Supreme Court Strikes Down Arizona Public Financing Law
Scarcely one year after its radical ruling in Citizens United v. FEC, the Supreme Court today struck down key provisions of Arizona’s state public financing program in another decision that will undermine the integrity of our elections. The 5-4 opinion throws into jeopardy the public financing programs of several states and municipalities that contain trigger provisions much like those struck down today as part of Arizona’s program. The successful and popular program was passed by Arizona voters in 1998 after a wave of corruption scandals in the state.

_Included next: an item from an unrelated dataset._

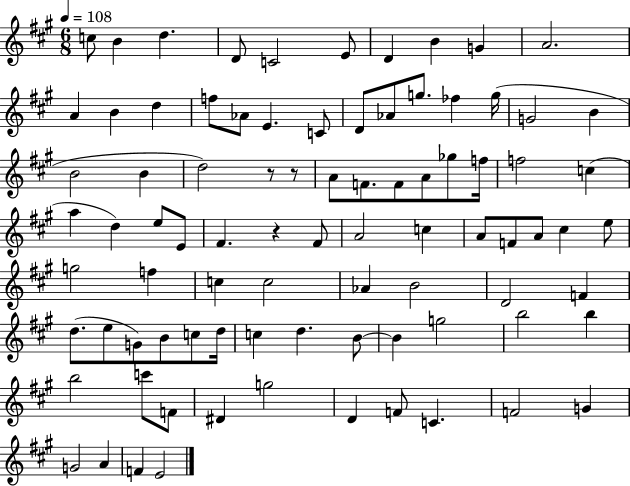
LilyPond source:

McComish marks the first time that the Supreme Court has reviewed a public financing law since Buckley v. Valeo overwhelmingly approved the constitutionality of the presidential public financing system 35 years ago in the wake of Watergate. The Buckley Court declared that “public financing represents a governmental effort “not to abridge, restrict, or censor speech, but rather to use public money to facilitate and enlarge public discussion and participation in the electoral process, goals vital to a self-governing people.”
“Today’s decision runs counter to the spirit of the Buckley precedent, which found that public financing was enhancement, not an abridgement, of First Amendment values,” Legal Center Associate Counsel Tara Malloy said. “The Court’s hostility towards legislative efforts to protect our elections from the corrupting effects of big money politics is deeply disturbing and deeply anti-democratic.”

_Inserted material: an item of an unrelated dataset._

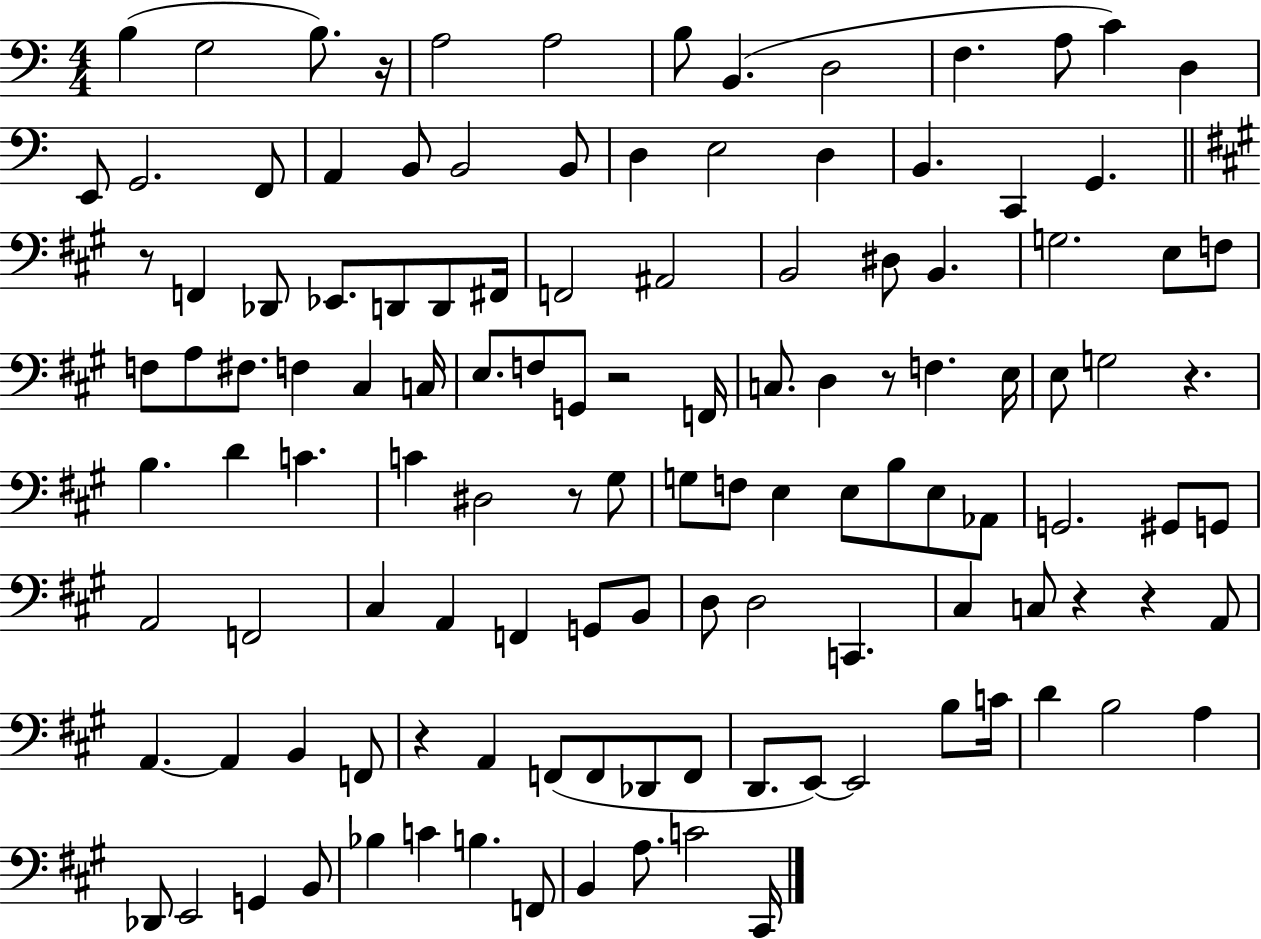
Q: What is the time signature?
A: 4/4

The focus of the decision was the “triggered matching funds provisions” of Arizona’s highly-successful Clean Elections system that provided participating candidates with supplemental public funds grants in the event that they faced large expenditures by a privately-financed opponent or an outside group. These trigger provisions were important to the “Clean Elections” model of public financing, as they encouraged participation and ensured that publicly-financed candidates can remain competitive in elections that are increasingly dominated by outside corporate money.
Importantly, the decision does not affect many public financing programs without trigger provisions. These include the presidential public financing system, state programs using different payment models, such the programs of Minnesota and Massachusetts, and the congressional system proposed by the Fair Elections Now Act.
“Voluntary public financing plays a critical role in our democracy and represents one of the last bulwarks against the flood of corporate money that the Citizens United decision released.” Ms. Malloy stated. “But the silver lining to the Supreme Court’s decision is that it invalidates only one model of public financing and leaves open other avenues for reform. Citizens and legislators will simply have to work harder in the design of public financing programs to ensure that they clear the new constitutional hurdles created by the Roberts Court.”
The Campaign Legal Center, with Democracy 21, filed an amici curiae brief with the Supreme Court on behalf of eight public interest groups in support of the challenged trigger provisions of the Arizona program. In addition to serving as a friend-of-the-court, the Legal Center, along with its partners, coordinated a broad range of amici in the defense of the Arizona public financing system.